From 10 to 15% of Arkansas undergraduates participate in the Honors College at the University of Arkansas. Entering freshman for the Honors College have an average score of 30 on the ACT and 4.1 high school GPA. Each year the Honors College awards up to 90 freshman fellowships worth $72,000 over four years and more than $1 million in research, study abroad, service learning and internship grants. The Honors College serves all undergraduate majors.

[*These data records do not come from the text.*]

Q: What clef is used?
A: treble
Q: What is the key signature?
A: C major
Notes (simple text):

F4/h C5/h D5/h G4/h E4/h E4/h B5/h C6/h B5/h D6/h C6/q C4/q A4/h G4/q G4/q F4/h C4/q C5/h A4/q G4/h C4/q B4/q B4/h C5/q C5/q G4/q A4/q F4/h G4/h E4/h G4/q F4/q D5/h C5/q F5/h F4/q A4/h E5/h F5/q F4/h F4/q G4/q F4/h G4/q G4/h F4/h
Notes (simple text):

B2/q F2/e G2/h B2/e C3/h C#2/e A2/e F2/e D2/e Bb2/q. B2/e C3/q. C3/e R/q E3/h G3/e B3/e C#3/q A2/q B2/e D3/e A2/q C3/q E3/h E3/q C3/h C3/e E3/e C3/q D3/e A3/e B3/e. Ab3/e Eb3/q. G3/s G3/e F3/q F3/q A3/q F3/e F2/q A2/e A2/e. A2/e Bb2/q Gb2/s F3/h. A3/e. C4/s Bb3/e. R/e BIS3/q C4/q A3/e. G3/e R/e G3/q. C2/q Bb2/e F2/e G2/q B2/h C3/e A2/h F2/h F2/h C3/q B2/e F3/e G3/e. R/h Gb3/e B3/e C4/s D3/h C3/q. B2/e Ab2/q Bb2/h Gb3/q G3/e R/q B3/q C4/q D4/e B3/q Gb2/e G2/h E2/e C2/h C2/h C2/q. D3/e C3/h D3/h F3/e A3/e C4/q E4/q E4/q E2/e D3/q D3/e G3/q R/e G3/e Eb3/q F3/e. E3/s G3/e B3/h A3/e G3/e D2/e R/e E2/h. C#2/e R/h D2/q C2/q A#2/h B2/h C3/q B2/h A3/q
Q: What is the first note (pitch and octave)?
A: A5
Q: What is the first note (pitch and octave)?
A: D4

In April 2002, the Walton Family Charitable Support Foundation donated $300 million to the University of Arkansas. The donation was the largest in the history of public education at that time.
After the donation, the Honors College announced its goal to enroll 2,000 Honors College undergraduates by the year 2010. This goal was met three years early. The University of Arkansas also set records for students in a freshman class, total enrollment, and minority enrollment in 2007. The first dean of the University of Arkansas Honors College was Bob McMath, former vice-provost of Georgia Tech.
Following McMath's retirement in 2014, Curt Rom served as interim dean. Lynda Coon, professor of history at the University of Arkansas, was appointed dean in 2015.

Under Coon's leadership the Honors College has launched a series of seminar and forum courses taught by professors and community leaders, addressing topics such as blockchain, gene editing, cancer, Presidential elections and Gothic. In response to COVID-19, the Honors College has also offered intersession seminars, Pandemic (2020) and Vaccine (2021), taught by interdisciplinary groups of doctors, scholars and government officials.

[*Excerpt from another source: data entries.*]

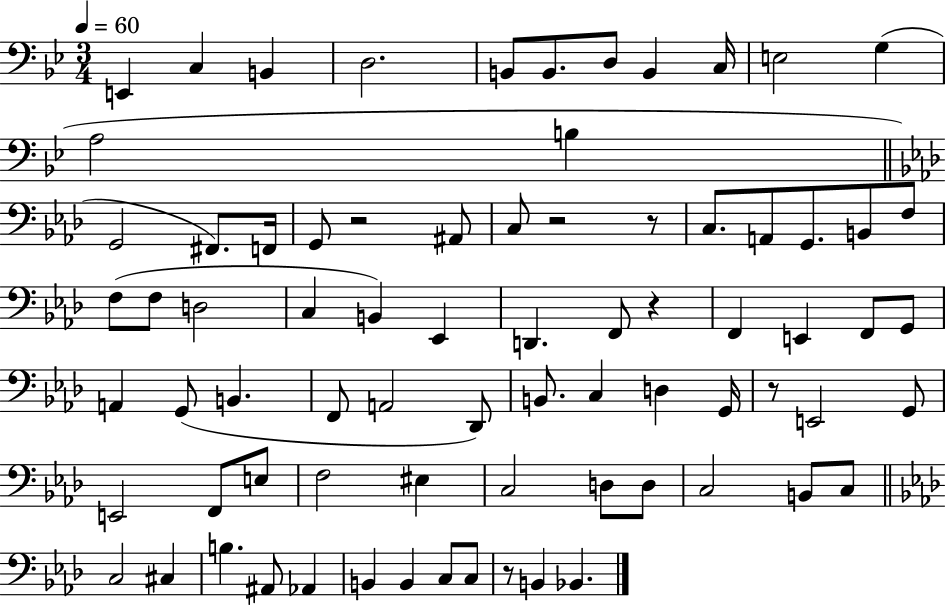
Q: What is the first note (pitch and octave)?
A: E2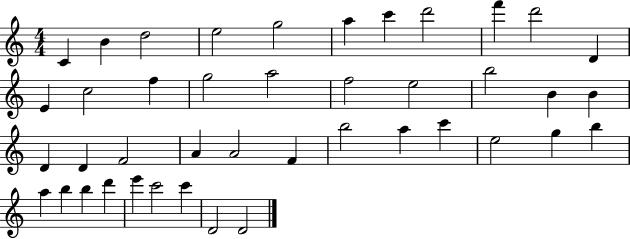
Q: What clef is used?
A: treble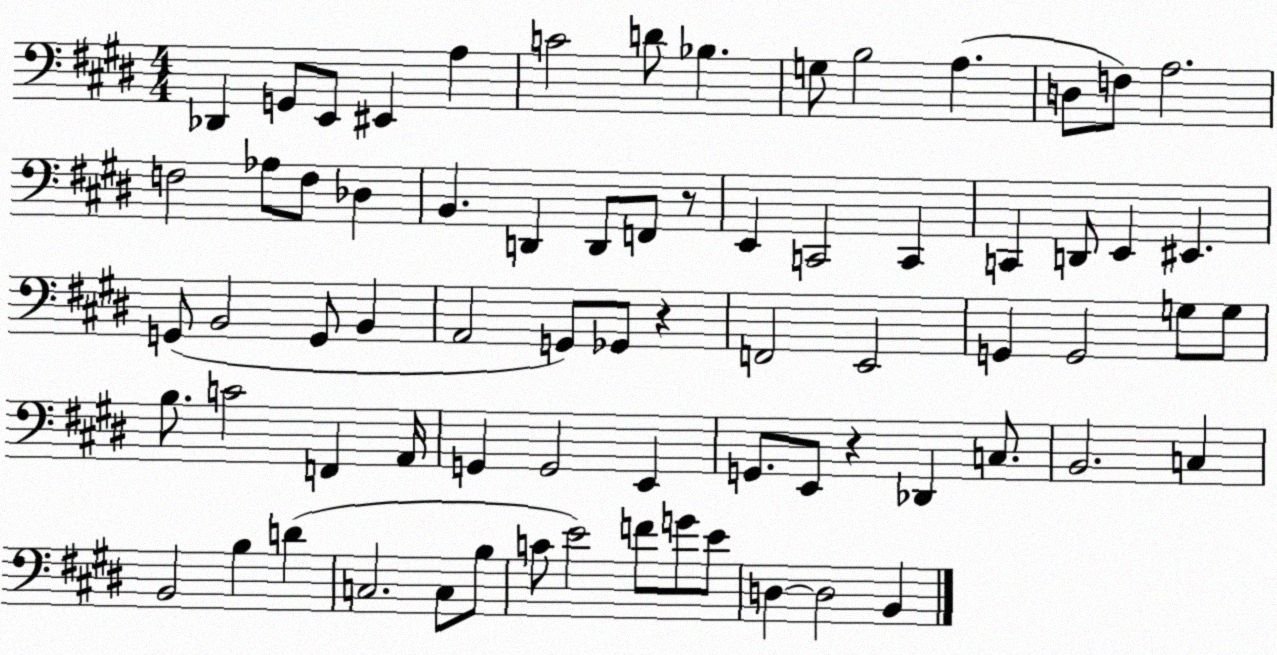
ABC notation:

X:1
T:Untitled
M:4/4
L:1/4
K:E
_D,, G,,/2 E,,/2 ^E,, A, C2 D/2 _B, G,/2 B,2 A, D,/2 F,/2 A,2 F,2 _A,/2 F,/2 _D, B,, D,, D,,/2 F,,/2 z/2 E,, C,,2 C,, C,, D,,/2 E,, ^E,, G,,/2 B,,2 G,,/2 B,, A,,2 G,,/2 _G,,/2 z F,,2 E,,2 G,, G,,2 G,/2 G,/2 B,/2 C2 F,, A,,/4 G,, G,,2 E,, G,,/2 E,,/2 z _D,, C,/2 B,,2 C, B,,2 B, D C,2 C,/2 B,/2 C/2 E2 F/2 G/2 E/2 D, D,2 B,,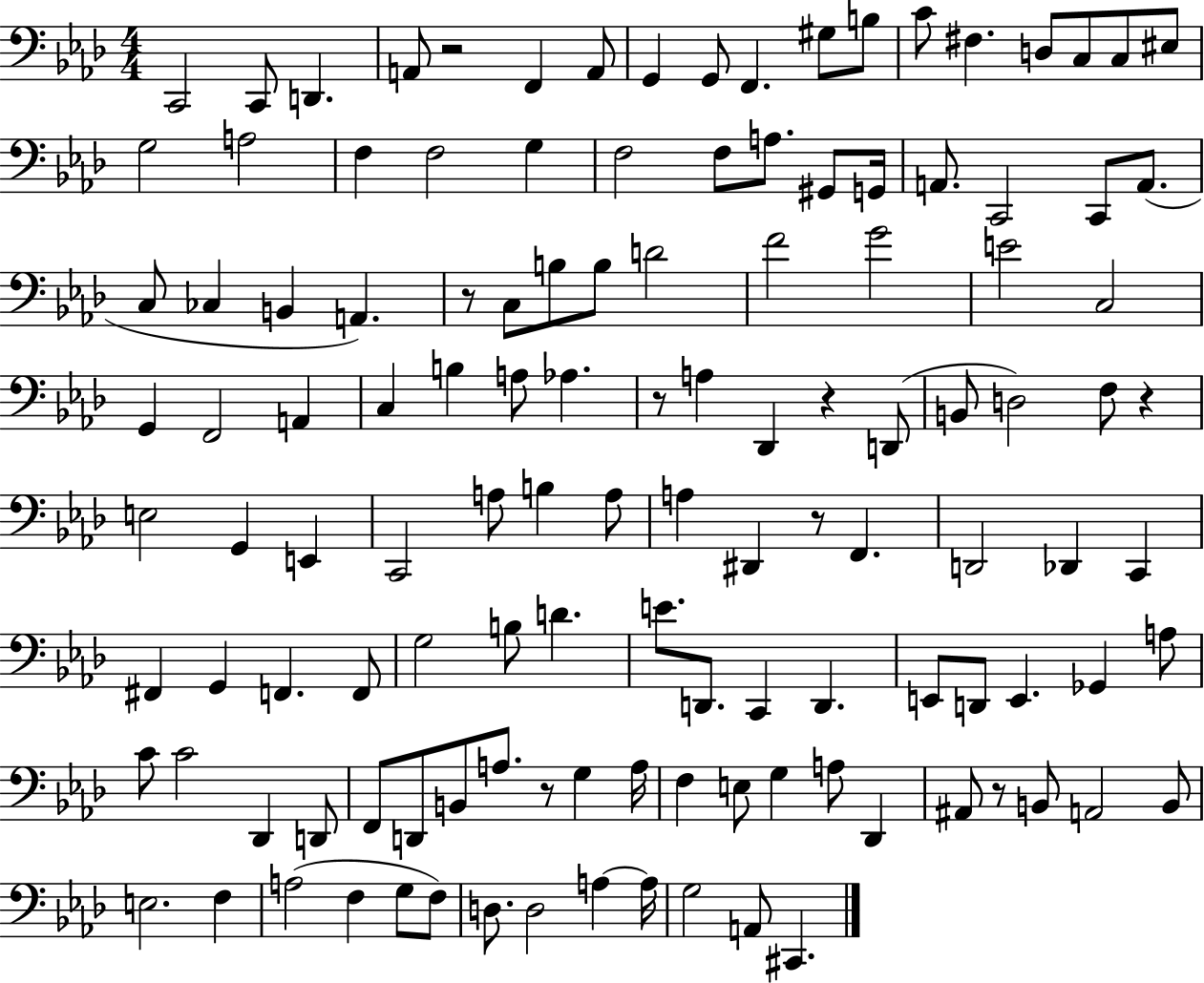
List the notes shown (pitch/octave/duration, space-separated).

In 2014, the Honors College established the Path Program, which recruits, mentors and provides scholarship funding for exceptional students from underrepresented populations. The Path Program has received nearly $2 million in grants to fund scholarships from the National Science Foundation, as well as generous support from private donors. The Honors College Futures Hub, launched in 2021, helps students make the most of their college experience and prepare for their career, post-degree, by offering workshops, programs and one-on-one mentoring sessions with planning professionals.

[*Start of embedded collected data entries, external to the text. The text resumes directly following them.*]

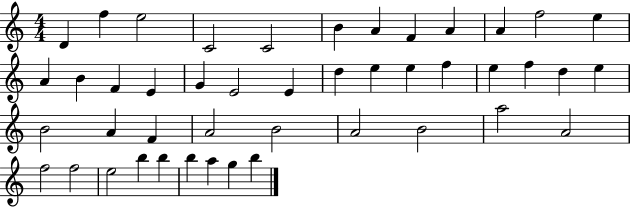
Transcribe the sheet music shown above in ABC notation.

X:1
T:Untitled
M:4/4
L:1/4
K:C
D f e2 C2 C2 B A F A A f2 e A B F E G E2 E d e e f e f d e B2 A F A2 B2 A2 B2 a2 A2 f2 f2 e2 b b b a g b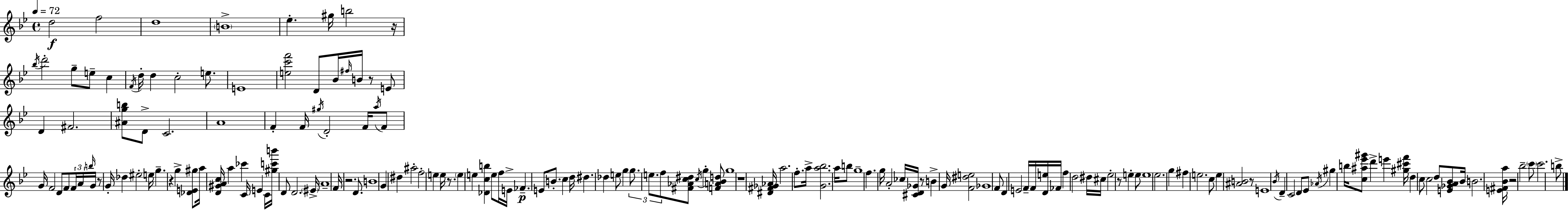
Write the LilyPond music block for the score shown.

{
  \clef treble
  \time 4/4
  \defaultTimeSignature
  \key bes \major
  \tempo 4 = 72
  d''2\f f''2 | d''1 | \parenthesize b'1-> | ees''4.-. gis''16 b''2 r16 | \break \acciaccatura { bes''16 } d'''2-. g''8-- e''8-- c''4 | \acciaccatura { f'16 } d''16-. d''4 c''2-. e''8. | e'1 | <e'' c''' f'''>2 d'8 bes'16 \grace { fis''16 } b'16 r8 | \break e'8 d'4 fis'2. | <ais' g'' b''>8 d'8-> c'2. | a'1 | f'4-. f'16 \acciaccatura { gis''16 } d'2-. | \break f'16 \acciaccatura { a''16 } f'8 g'16 f'2 d'8 | f'8 \tuplet 3/2 { f'16 a'16 \grace { b''16 } } g'16 r8 g'16-. des''4 eis''2-. | e''16 g''4.-- r4 | g''4-> <des' e' gis''>8 a''16 <d' gis' a' c''>16 a''4 ces'''4 | \break c'16 e'4 c'16 <gis'' c''' b'''>16 d'8 d'2. | \parenthesize eis'16-> \parenthesize a'1-- | f'16 r2. | d'8. b'1 | \break g'4 dis''4 ais''2-. | f''2-. e''4 | e''16 r8. \parenthesize e''4 e''4 <des' c'' b''>4 | e''8 f''16 e'16-> fes'4.--\p e'8 b'8.-. | \break c''4 d''16 dis''4. des''4 | e''8 g''4 \tuplet 3/2 { g''8. e''8. f''8 } <fis' aes' c'' dis''>8 | \acciaccatura { c''16 } g''4-. <f' a' bes' d''>8 g''1 | r1 | \break <dis' fis' ges' aes'>16 a''2. | f''8.-. a''16-> <g' a'' bes''>2. | a''16 b''8 g''1-- | f''4. g''16 a'2-. | \break ces''16 <cis' d' ges'>16 r8 b'4-> g'16 <f' dis'' e''>2 | ges'1 | f'8 d'4 e'2 | f'16-- f'16 <d' e''>16 fes'16 f''4 d''2 | \break dis''16 cis''16 ees''2-. r8 | e''4-. e''8 e''1 | ees''2. | g''4 fis''4 e''2. | \break c''8 e''4 <ais' b'>2 | r8 e'1 | \acciaccatura { bes'16 } d'4-- c'2 | d'8 ees'8 \acciaccatura { aes'16 } gis''4 b''16 <c'' ais'' ees''' gis'''>8 | \break d'''4-> e'''4 <gis'' cis''' f'''>16 d''4 c''8 c''2 | d''8 <e' ges' a' bes'>8 bes'16 b'2. | <e' fis' bes' a''>16 r2 | bes''2-- \parenthesize c'''8 c'''2. | \break b''8-> \bar "|."
}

Honors students at the University of Arkansas Honors College have received numerous honors, scholarships, fellowships, and accolades since the college was established. Honors College students have enjoyed a 90% acceptance rate to medical school and received Gates Cambridge, Rhodes, Madison, Marshall, Fulbright, Boren, Gilman, Truman, Goldwater, and National Science Foundation scholarships. The Honors College is one of only seven universities (including Princeton University, Northwestern University, University of California, Berkeley, Harvard University, Massachusetts Institute of Technology, Yale University, and the United States Military Academy at West Point) to have multiple Gates Cambridge scholarship recipients, ninth ranked overall in Goldwater Scholarship recipients in the United States for the last ten years, and has been a Truman Honor Institution since 2002.

==Study Abroad grants==
Over forty grants are available to financially aid students who wish to study abroad. Up to $12,000 can be awarded for year-long foreign study.